This has given a new shape to work I've been doing for half a century, starting before I encountered AI, especially work in philosophy of mathematics.
Since presenting a critique of the logicist manifesto of McCarthy and Hayes at IJCAI 1971, my aim has not been to prove that AI must fail (e.g. like Dreyfus) but to identify gaps that need to be filled so that it can succeed in its long term (scientific, explanatory) aims.
There's still a long way to go, mainly because of gaps that go unnoticed by most AI researchers. (Like the people who once thought Newton had all the answers and the rest was just a matter of filling in details).
This is not AI as engineering but AI as science (and philosophy: the two overlap when done well), i.e. attempting to construct theories that explain or model natural forms of intelligence that at present are not understood -- like the intelligence that led up to Euclid, the intelligence of squirrels defeating bird-feeders, the intelligence of weaver birds making nests using several thousand knitted/knotted leaves, the intelligence of composers who produce great music, the intelligence of listeners who respond to such music the first time they hear it, without needing to have it explained, even centuries later, and the intelligence of human toddlers exploring 3-D topology.
These scientific AI goals seem to have recently been sidelined, though
understanding and modelling natural intelligence was an important goal for
founders of AI, including Turing (in a letter to Ashby), McCarthy, Minsky, Simon
and others.
Added 11 Nov 2018
Turing's letter is here:
https://www.bl.uk/collection-items/letter-from-alan-turing-to-w-ross-ashby
Added 11 Nov 2018
For a discussion of Turing's distinction (in 1938) between mathematical
intuition and mathematical ingenuity, see
http://www.cs.bham.ac.uk/research/projects/cogaff/misc/turing-intuition.html
(also pdf)
Moreover, I think the more ambitious engineering goals will not be achieved while so many gaps in scientific understanding remain. Identifying and filling the gaps may take longer than the rest of this century -- even if applied AI continues to make spectacular progress in many constrained sub-fields.
Things that have proved hard to analyse from the designer stance include the
kinds of perception, learning, and reasoning processes that might have led to
the production of Euclid's
Elements
-- long before the discovery of modern logic-based, formal, mathematics.

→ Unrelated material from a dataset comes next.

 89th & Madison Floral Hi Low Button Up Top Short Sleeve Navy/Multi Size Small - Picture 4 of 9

(Arguably Euclid's book is the single most important publication ever produced
on this planet. Its results are still used every day by scientists and engineers
all over the planet e.g.
http://www.cut-the-knot.org/pythagoras/Proof1.shtml.)

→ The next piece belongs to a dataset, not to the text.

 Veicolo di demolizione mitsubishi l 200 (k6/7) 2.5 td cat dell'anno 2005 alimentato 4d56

Modern AI theorem provers that start with axioms and rules expressed in a logical notation, and attempt to find proofs derived from the axioms in accordance with the rules, do not model processes of the sort in question (in part that was Frege's criticism of Hilbert's attempt to logicise Euclidean geometry, though I would make a similar criticism of Frege's great work attempting to logicise arithmetic -- as a result of which he produced some of the powerful constructs now commonplace in AI programming languages, and some others, e.g. higher order functions).
I think Immanuel Kant, in his discussion of the nature of mathematical knowledge in The Critique of Pure Reason (1781) started moving in the right direction, and would probably have used AI with glee if it had been available then.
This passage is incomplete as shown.